**GIVEN ENTRIES:**
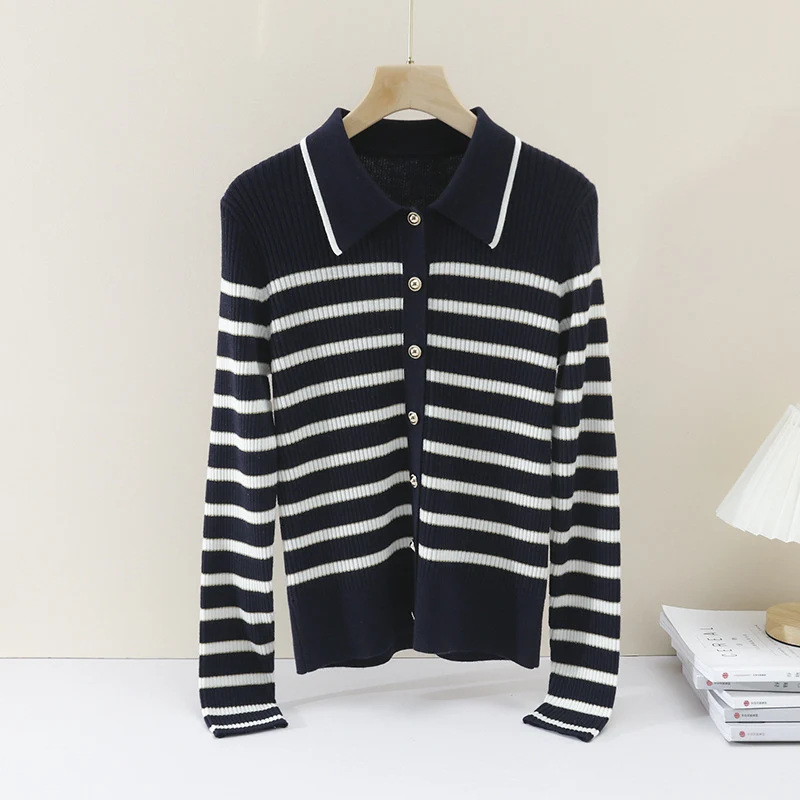 Damen Marin-inspiriertes Rippenstrick-Cardigan mit Polokragen und Zierknopfleiste Drune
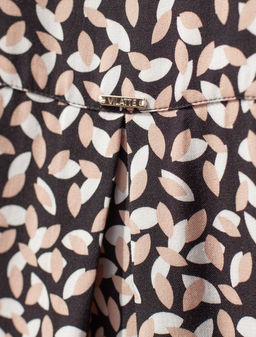 D29.269 Блузка женская черный-бежевый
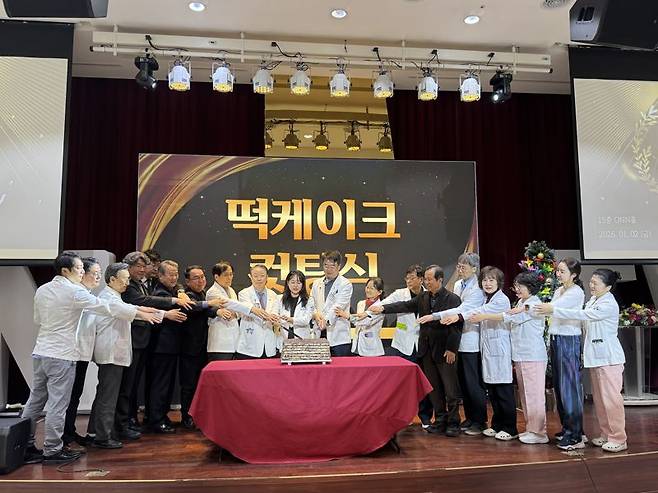 2일 오전 8시 30분 부산 부산진구 당감2동 온병원 15층 ON홀에서 가진 온병원그룹 임직원들이 떡케이크 컷팅식을 갖고 있다. 온병원그룹 제공
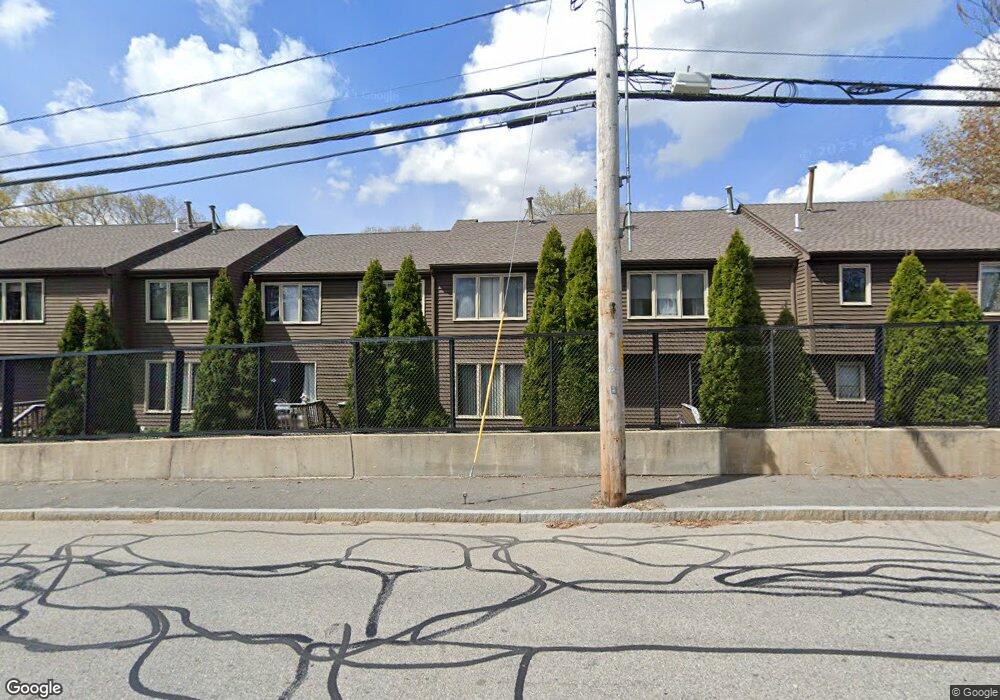 283 Boylston St unit C, Lowell, MA 01852 - photo 1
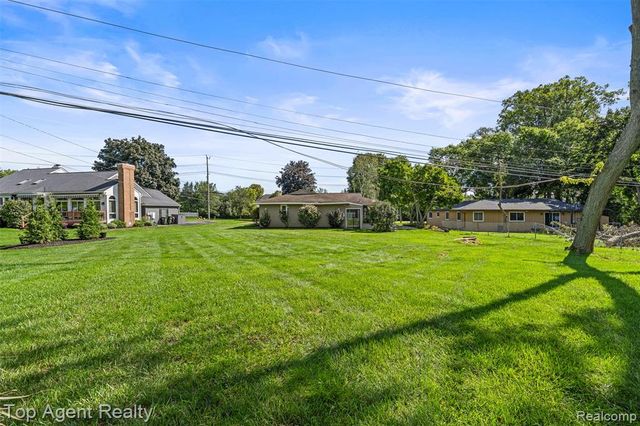 6654 Orion Road, Rochester Hills, MI 48306
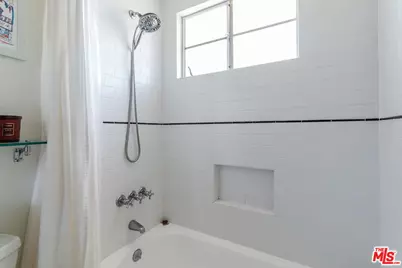 4501 Finley Ave #10, Los Angeles, CA 90027 - Photo 32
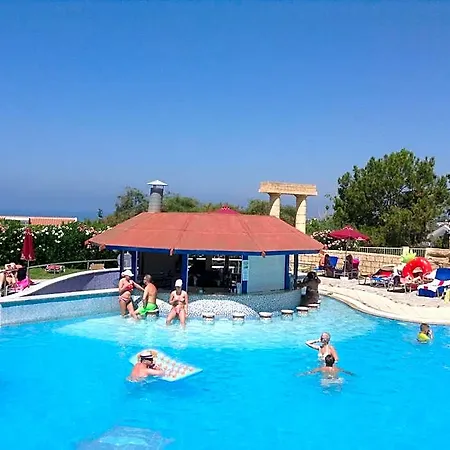 Crown Horizon (adults Only) 4*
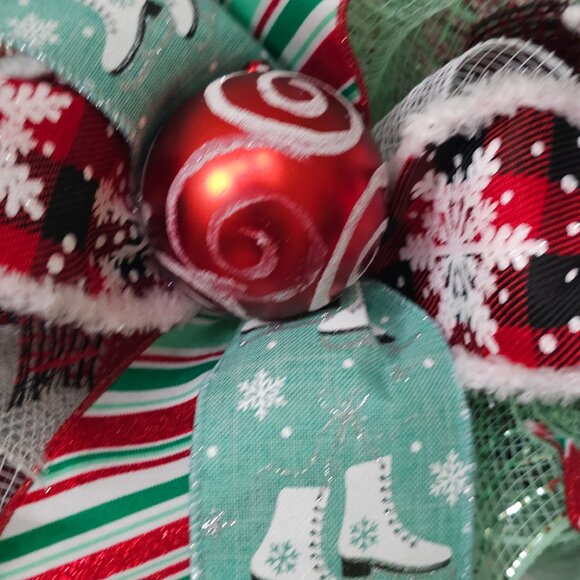 ⛸️🎄 "I'll Be Gnome for Christmas" Winter Wreath 🎄⛸️ - Picture 4 of 6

**TASK OBJECTIVE:**
Everything from the line containing "4501 Finley Ave" through the last line of the entries must be repeated verbatim, except pictures.

**SOLUTION TO THE EXERCISE:**
 4501 Finley Ave #10, Los Angeles, CA 90027 - Photo 32
 Crown Horizon (adults Only) 4*
 ⛸️🎄 "I'll Be Gnome for Christmas" Winter Wreath 🎄⛸️ - Picture 4 of 6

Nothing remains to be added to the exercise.